And some additional info (my machine has 64 GByte).
I used a 16 GByte cache for previous DB results.
DBs are stored non compressed 1 bit/position.
DBs are loaded by 4K Blocks in the Cache.
The program I used was based upon the work of Michel and Harm (you can find still some references in the source).
For the DB generation (mostly in pairs) 2 blocks of 16 GByte are allocated.
I could use (as a further optimization) the whole 32 GByte for symmetrical DBs, which i didn't implement yet.
First phase is called CP, so Capture and Promotion.
This is the only phase where other DBs are called (and as we are in Breakthrough mode we don't need to access other DBs for the score).
After this the iteration process starts, but so far moving through all indexes, so a forward scan, and not (as Michel implemented) a queue based backwards scan approach (which is far more efficient in the later stage).
The parallel implementation divides the index space in equal parts, and synchronization is done via a ::WaitForMultipleObjects function.
I still need to check if the partition for large DBs does not contain errors, and if so I will distribute the source for those interested.
Of course my impementation is quite different for at least two reasons: 1) I can use only 32Gb RAM, 2) I add a compression mechanism.

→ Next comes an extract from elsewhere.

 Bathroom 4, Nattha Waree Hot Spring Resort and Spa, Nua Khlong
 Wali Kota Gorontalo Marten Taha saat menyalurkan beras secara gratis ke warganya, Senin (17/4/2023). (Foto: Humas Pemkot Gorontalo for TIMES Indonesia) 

Let's take as an exemple the 6x5db. The number of positions is 12 423 500 232 but when it is white to play there are 2 000 174 981 positions without capture
and with black to play there are 1 974 384 083 positions whithout catpure . Because I am unable to calculate an index without holes for the positions without captures and because it of no use to have an index whithout holes for 12 423 500 232 I decided to build a quite simple index on 37 026 007 200 (number of black configurations * number of white configurations).
Now I have to choose a compression mechanism as simple as possible with an access to the db as fast as possible. I eliminate immediatly all sophistacated solutions and chose simply to store all relevant positions in a sequential order with 32bits/per position (the less significant bits of the index position) hoping that I have to store in the db less than 1% of the positions which is really the case.
To solve my lack of memory I divide the index space in block of 4G positions.
As soon as a block of 4G positions have been handled the results are stored directly in the db and the access to this part of the db is made possible by the standard access to all the db.
On the disk the db is divided in blocks of 4K.
Our implementation being completely different we could be 100% confident when we reach the same figures don't we?